Titled "Battle of Future — A New Dawn," the Star Wars parody highlighted an extravaganza that also featured live music, sensual dances, people's faces (poked through a screen) atop puppet bodies, and a tribute to China's military. It marked the sixth anniversary of Kuang-Chi Institute of Advanced Technology and Kuang-Chi Science Ltd., which aim to conceive and commercialize breakthroughs in the fastgrowing field of metamaterials. Ruopeng Liu, the Obi-Wan Kenobi, is the founder and head of these ventures; the other Jedis, their executives; the performers and audience, their workers. Several members of the audience won prizes epitomizing the fearless, innovative spirit that Liu preaches: trips to the North Pole, the South Pole, and Near Space.

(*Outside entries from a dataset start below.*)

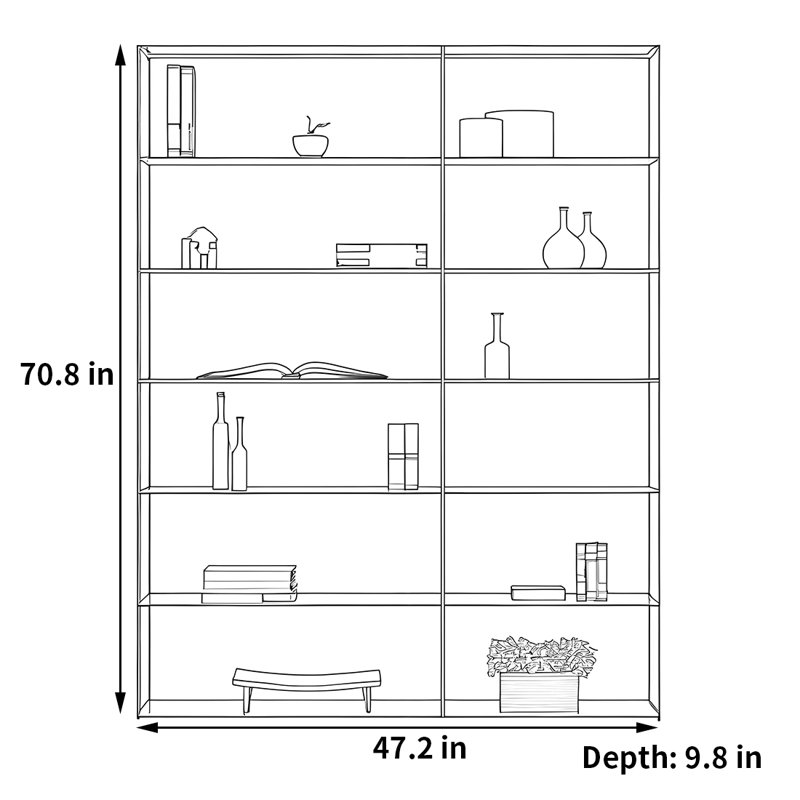 A practical and high-quality bookcase, 70.8"H x 47.2"W x 9.8"D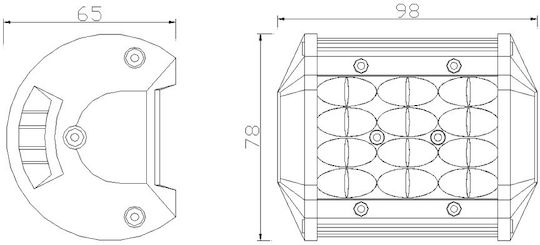 Kamar Τετράγωνος Προβολέας Αυτοκινήτου LED 12 / 24V 13W με Λευκό Φωτισμό 1τμχ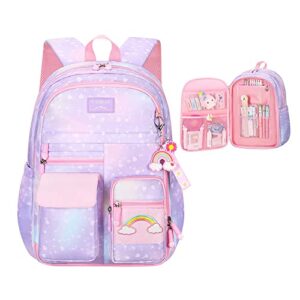 godchoices rainbow backpack for girls, large capacity school laptop backpacks preschool kindergarten bookbag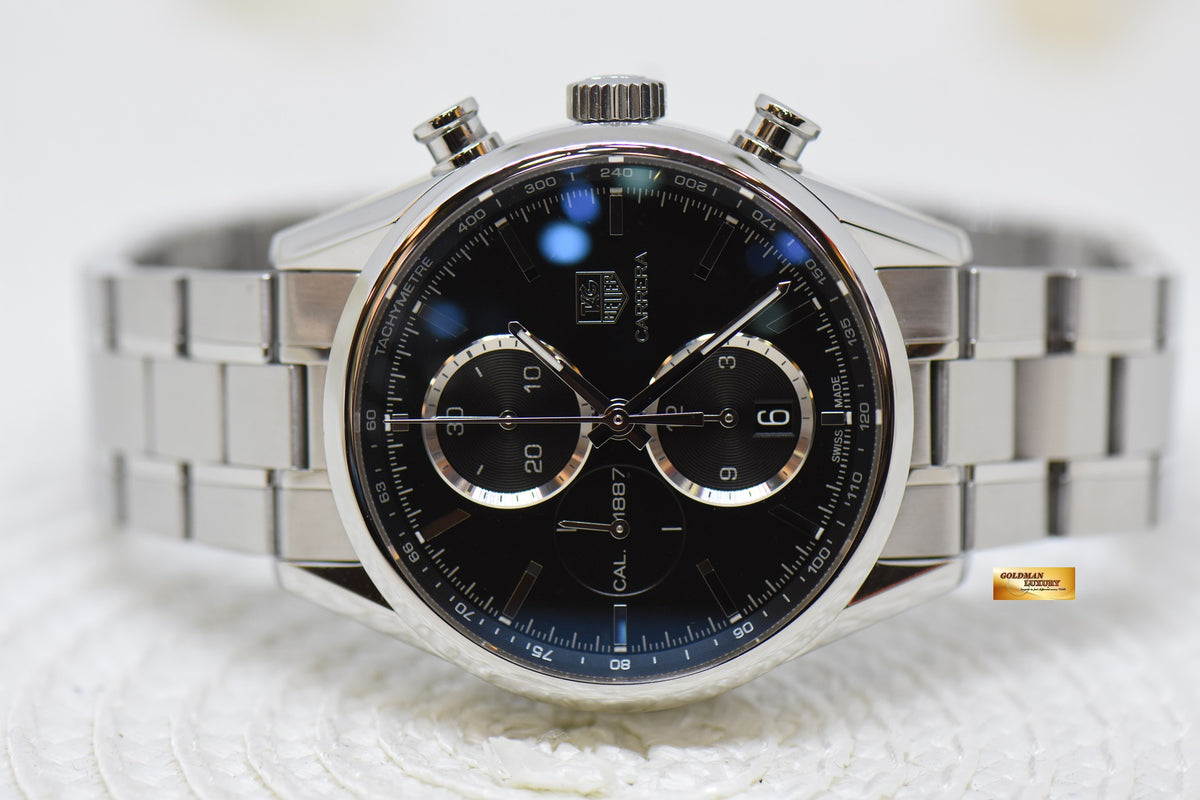 [SOLD] TAG HEUER CARRERA CHRONOGRAPH CALIBRE 1887 STEEL BRACELET BLACK CAR2110 (MINT)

Still in his costume but now sans saber, Liu clutched an enormous bouquet of flowers in his left hand and a microphone in his right, and glorified his accomplishments in song. "No matter how thrilling it is outside, I behave with perfect composure," he crooned in Chinese. "You can't say how hard the trip is, it's fortunate we kept a cool head." Then he segued into the chorus from the Beatles' "Hey Jude."
Chubby-cheeked and endearingly boyish at the age of thirty-two, Liu had a lot to celebrate. His majority stake in Kuang-Chi Science, which is traded on the Hong Kong stock exchange, made him a billionaire with a business empire extending to the United States, Norway, Canada, and New Zealand. Chinese media dubbed him the "Elon Musk of China," equating him as a visionary with the iconic founder of electric car maker Tesla. By the end of 2015, his fledgling institute had sought an astounding total of 3,289 patents, and received 1,783. China's government showered him with honors and responsibilities for technology policy, and President Xi Jinping, as well as many prominent ministers and party officials, toured Liu's enterprises in Shenzhen.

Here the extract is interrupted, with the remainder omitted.